Bendito o olhar de lince de Andrea Wanderley, que identificou o rosto de Machado de Assis na foto de Antônio Luiz Ferreira da missa celebrada em 17 de maio de 1888, no Campo de São Cristóvão, em ação de graças pela passagem da lei do dia 13 desse mês que abolira a escravidão no Brasil.
A
foto está disponível no portal Brasiliana
Fotográfica, fantástica iniciativa da Biblioteca Nacional
em parceria com o Instituto Moreira Salles. Outras figuras são identificáveis,
além, naturalmente, da princesa Isabel e do conde d’Eu. O presidente do
Conselho de Ministros do Gabinete conservador que fez passar a lei, João
Alfredo Correia de Oliveira, está à direita de Isabel, um pouco abaixo.
A
escravidão no Brasil foi bastante fotografada, mas a abolição, sobretudo a
semana de 13 a 20 de maio, nem tanto, mesmo na capital onde havia muitos
fotógrafos. A razão disso não sei. É quase total a ausência de fotos fora da
Corte (há apenas duas), quando se sabe que as festividades ganharam todo o
país. Mas a consequência disso é que os poucos registros até agora descobertos,
umas 25 fotos, ganham extraordinária importância. E o destaque vai todo para
Antônio Luiz Ferreira, autor das 15 fotos com que presenteou Isabel. Sua foto
mais espetacular é, sem dúvida, a da sessão da Câmara do dia 10 de maio, quando
foi aprovado o projeto da abolição. A foto mais curiosa é a de Luís Stigaard,
tirada na colônia Isabel, no Rio Grande do Sul. Retrata dezenas de colonos,
imigrantes europeus, disciplinadamente organizados em filas, comemorando a
abolição, em contraste com a exuberância das celebrações na capital do Império.
Mas
o registro importante hoje é a descoberta de que Machado foi à missa. Não era
pessoa de frequentar igrejas. Também não apreciava manifestações
multitudinárias. Mas a essa missa, a esse ajuntamento de milhares de pessoas,
ele compareceu e fica claro na foto seu esforço para aparecer, prensado entre
duas robustas figuras uniformizadas. Anos depois, em crônica (Gazeta de
Notícias, 14/5/1893), ele anotou sobre o 13 de maio, “Verdadeiramente, foi o
único dia de delírio público que me lembra ter visto”. A missa foi continuação
do delírio e é muito bom saber que o tímido, circunspecto e cético Machado
estava lá. José M. de Carvalho – Brasil in “Blog de
São João del-Rei“ - Crônica escrita em
29 de maio de 2015
José Murilo de Carvalho - (✰
Piedade do Rio Grande, 08/09/1939 ✞
Rio de Janeiro, 13/08/2023) Foi um cientista político e historiador mineiro,
membro da Academia Brasileira de Letras, de 2004 a 2023.

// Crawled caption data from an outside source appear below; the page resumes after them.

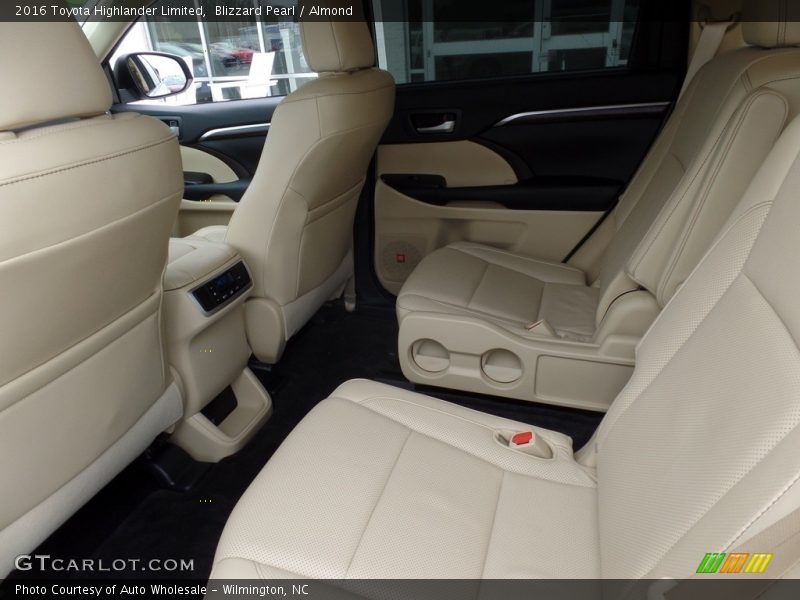 Blizzard Pearl / Almond 2016 Toyota Highlander Limited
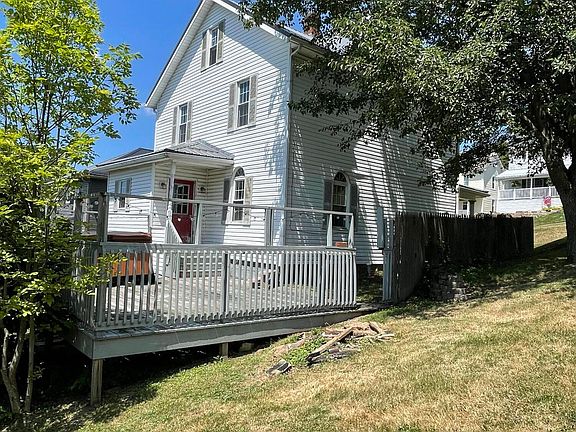 5th image of 1706 Crawford Ave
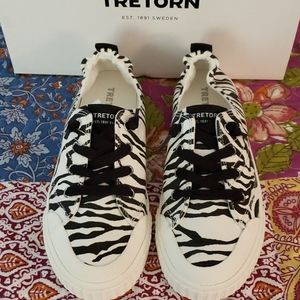 Tretorn sneakers,  flats, slip on shoe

Foi o sexto ocupante da cadeira 5 da Academia
Brasileira de Letras, eleito em 11 de março de 2004 na sucessão de Rachel de
Queiroz. Foi recepcionado em 10 de setembro de 2004 pelo acadêmico Affonso
Arinos de Mello Franco.
A partir da investigação inicial sobre o
Império, José Murilo de Carvalho expandiu sua investigação para as relações
cidadãs no Brasil, de que resultou, entre inúmeras publicações relevantes, o
livro "A construção da cidadania no Brasil", publicado pela
Civilização Brasileira e com o qual conquistou o prêmio Casa de las Americas em
2004. Na sua opinião, “o cidadão vota racionalmente, mas preso ao mundo da
necessidade". E acrescenta: "É um voto que tem limitações decorrentes
da desigualdade social”, "há uma questão de dependência do Estado”.
Em
2022, Murilo se desencantara com o seu país: "O Brasil não será um grande
país. Não há nada a celebrar nos 200 anos da Independência..."
Recebeu
os seguintes prêmios: de melhor livro em ciências sociais de 1987 da ANPOCS por
seu livro Os bestializados: o Rio de Janeiro e a República que não foi.

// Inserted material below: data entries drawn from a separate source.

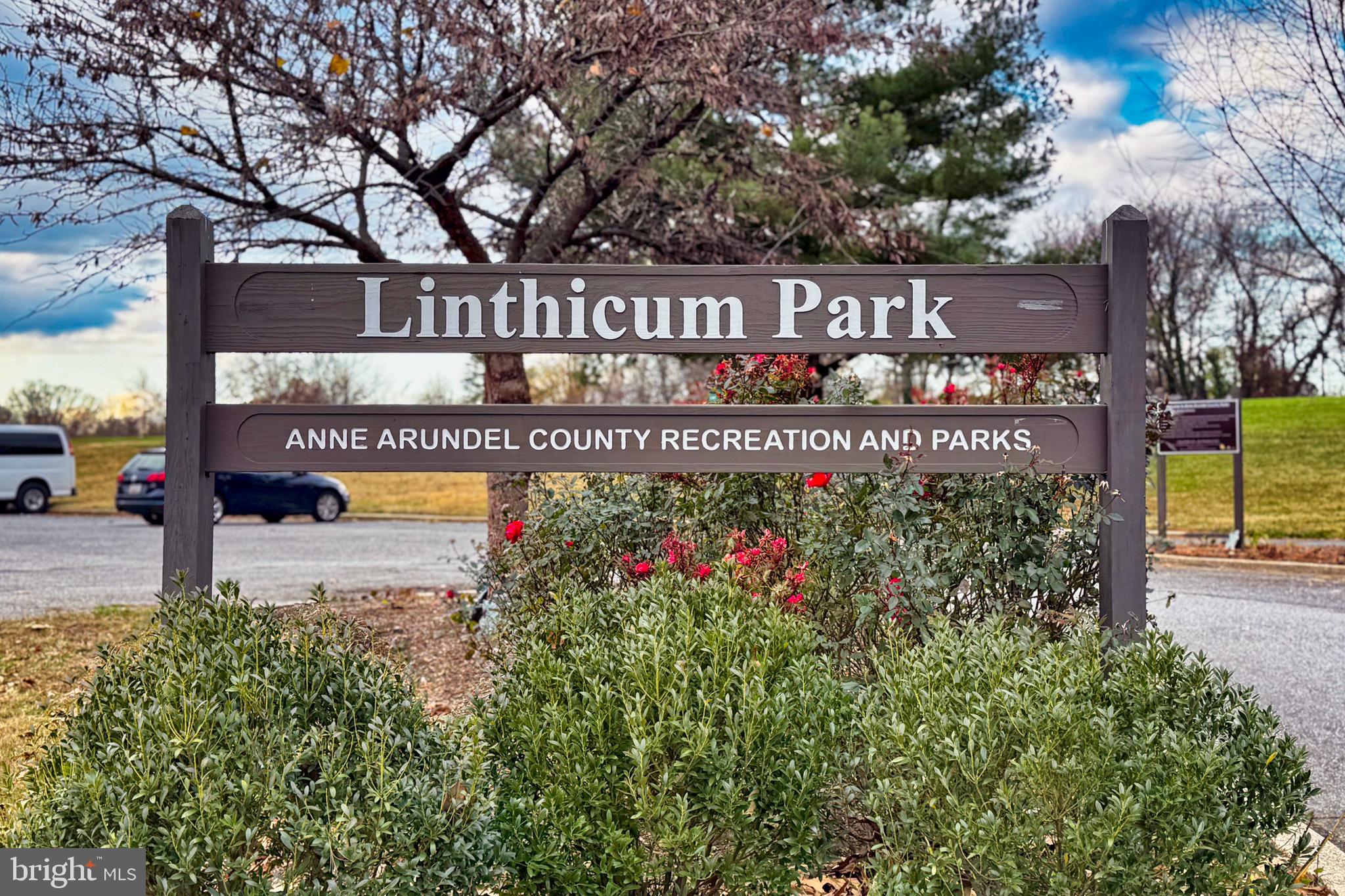 LINTHICUM OAKS - Residential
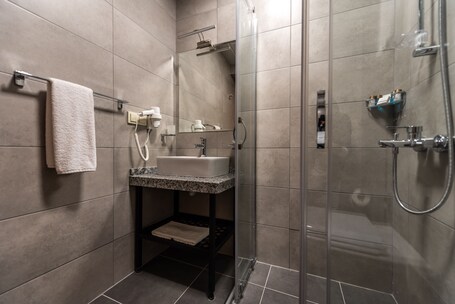 Bram Hotel Istanbul - Image 20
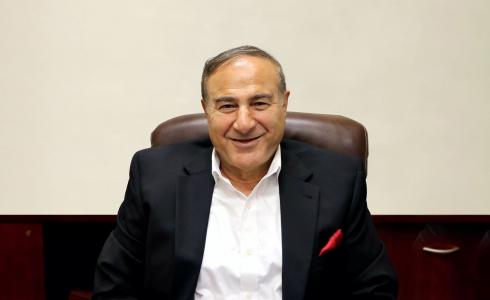 رجل الأعمال  أنور نعمان فيصل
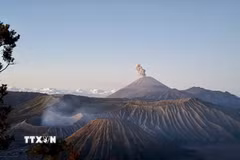 Núi lửa Semeru phun cột tro, trong khi khói bốc lên từ miệng núi lửa Bromo, thuộc quần thể núi lửa Tengger, tỉnh Đông Java, Indonesia. (Ảnh: Đỗ Quyên/TTXVN)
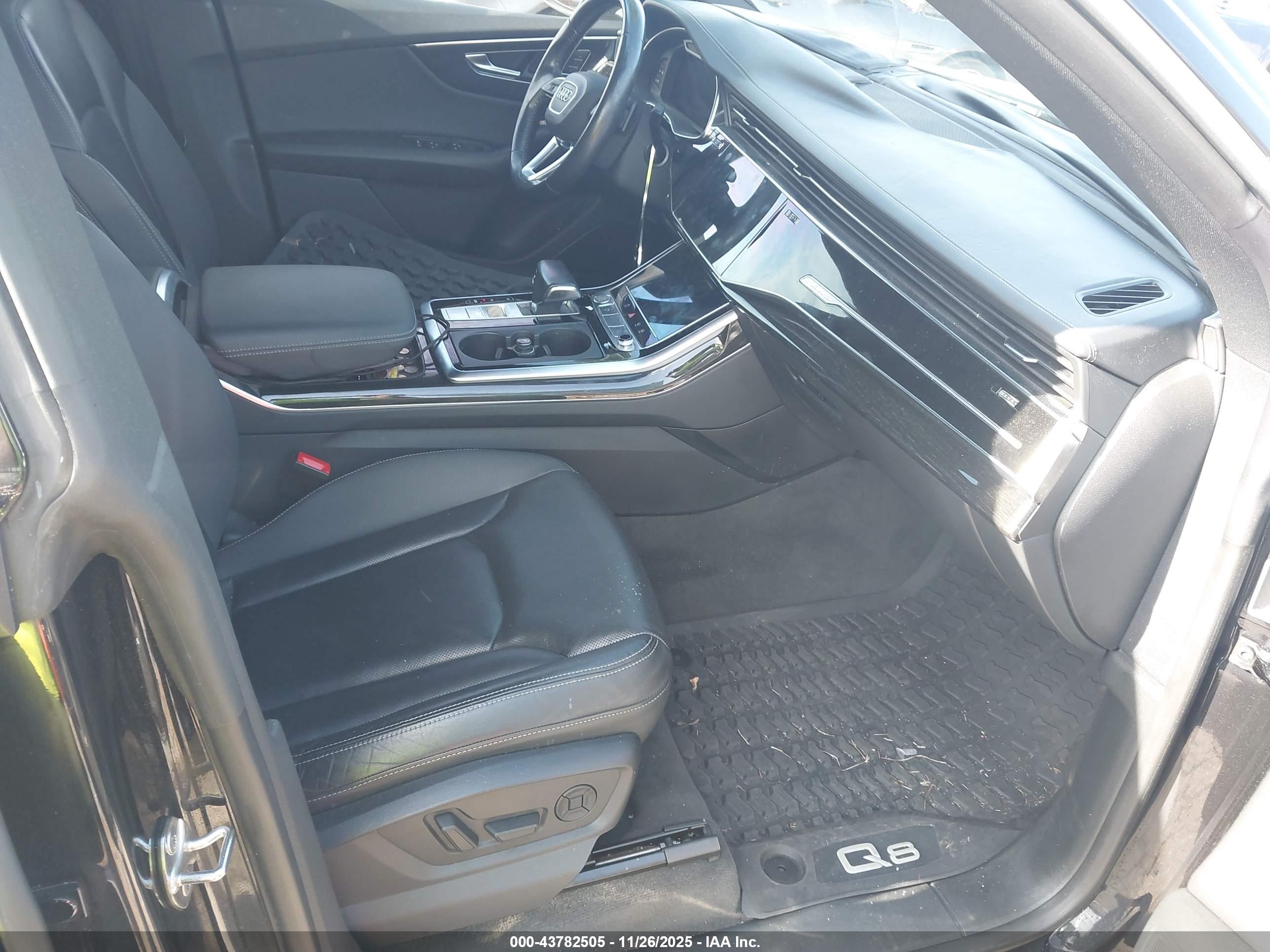 AUDI Q8 image 5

São Paulo: Companhia das Letras, 1987; e o Prêmio Jabuti, em duas ocasiões: em
1991 por sua obra A formação das almas: o imaginário da República no Brasil.
São Paulo: Companhia das Letras, 1990 e em 2008, com Dom Pedro II: ser ou
não ser.
Dentre
suas muitas obras, vale lembrar que escreveu ainda os seguintes livros: A
construção da ordem: a elite política imperial. Rio de Janeiro: Campus,
1980; Cidadania no Brasil: O longo caminho. Rio de Janeiro: Editora
Civilização Brasileira, 2001; Dom Pedro II. São Paulo: Companhia das
Letras, 2007; Nação e cidadania no Império: novos horizontes. Rio de
Janeiro: Civilização Brasileira, 2007; Histórias que a Cecília contava.

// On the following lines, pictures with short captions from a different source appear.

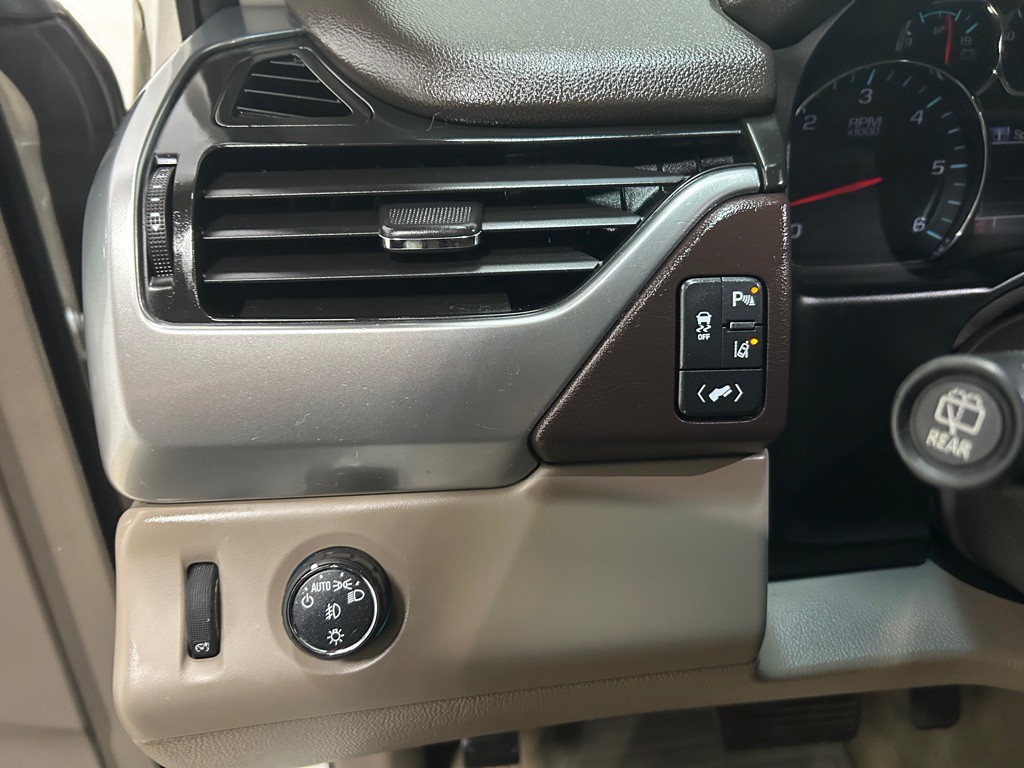 2015 Chevrolet Tahoe Image 15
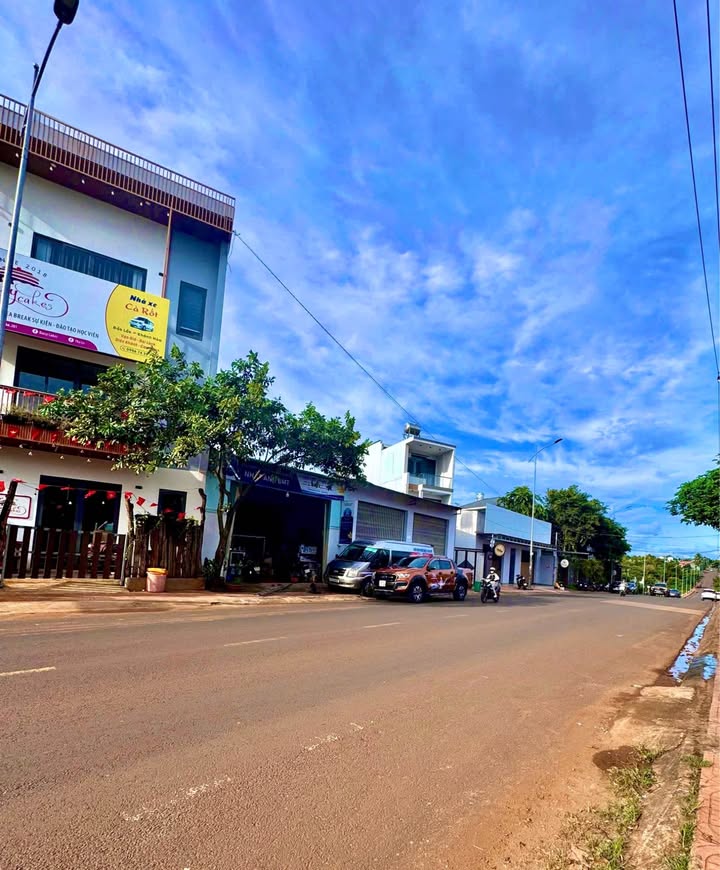 Đất Mặt tiền kinh doanh 102 Mai Thị Lựu - 37m² giá 2.2 tỷ - Cơ hội đầu tư tuyệt vời!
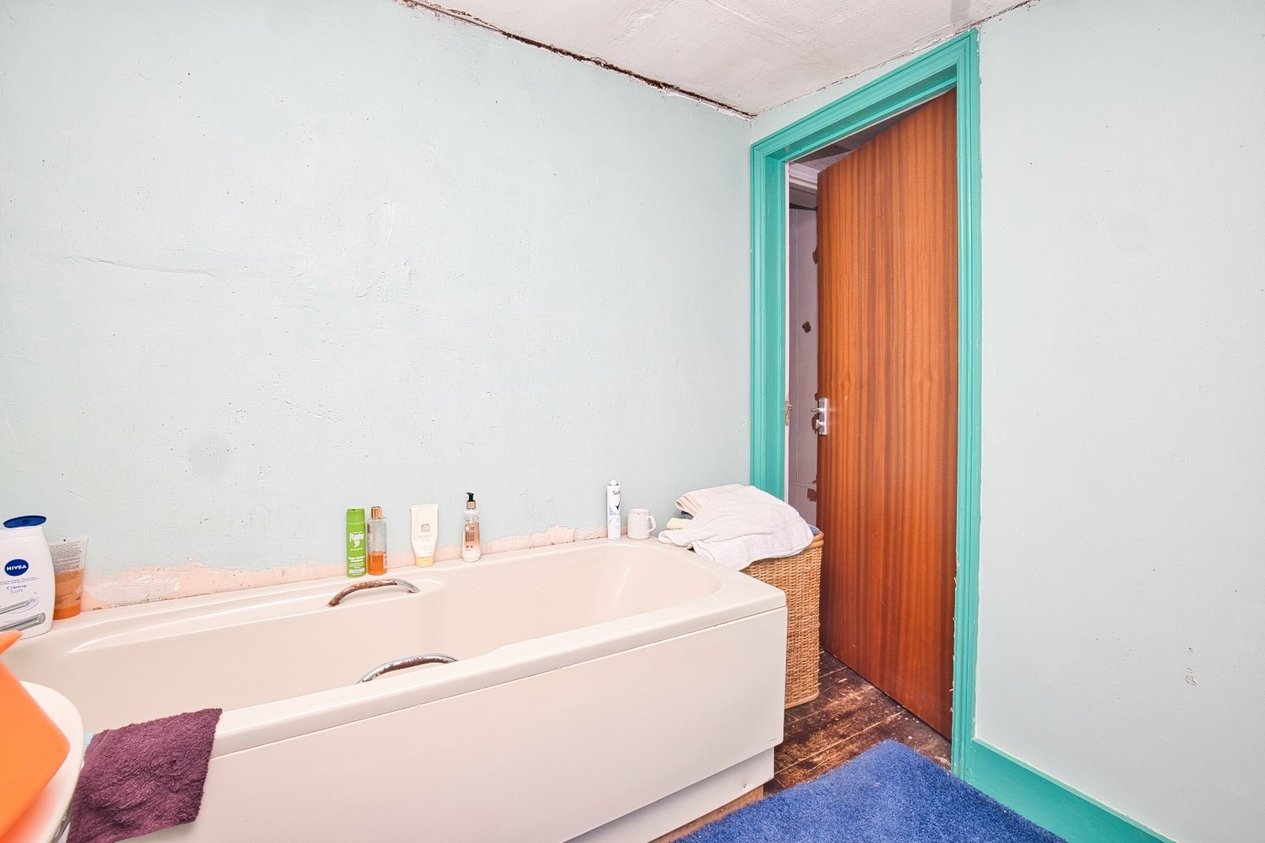 Properties Under Offer in High Street St. Peters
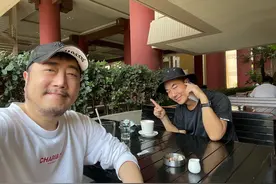 63岁的小虫被徒弟任贤齐蹭饭了，小虫“狂气”不再，晚年稍显凄凉图片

Belo Horizonte: Editora UFMG, 2008; A Academia Brasileira de Letras,
subsídios para sua história (1940-2008). Rio de Janeiro: Academia Brasileira
de Letras, 2009; O Pecado Original da República. Rio de Janeiro: Bazar
do Tempo, 2017.
Eis
o depoimento de Arnaldo Niskier sobre José Murilo de Carvalho, seu colega de
ABL: "Sou testemunha do quanto o acadêmico José Murilo de Carvalho
trabalhou pela cultura do nosso país, como historiador excepcional que foi, mas
também no âmbito da Academia Brasileira de Letras, o quanto ele coordenou, com
paixão, o nosso arquivo. Ele deu vida ao arquivo da Academia Brasileira de
Letras e, sempre presente, emprestou o brilho da sua inteligência e da sua
cultura à casa de Machado de Assis. Nós estamos sofrendo muito a perda
dele: ele na verdade é
insubstituível." Francisco Braga – Brasil in “Blog de São João del-Rei”
Francisco José dos Santos Braga - (compositor, pianista, escritor, tradutor, gerente do
Blog do Braga e do Blog de São João del-Rei)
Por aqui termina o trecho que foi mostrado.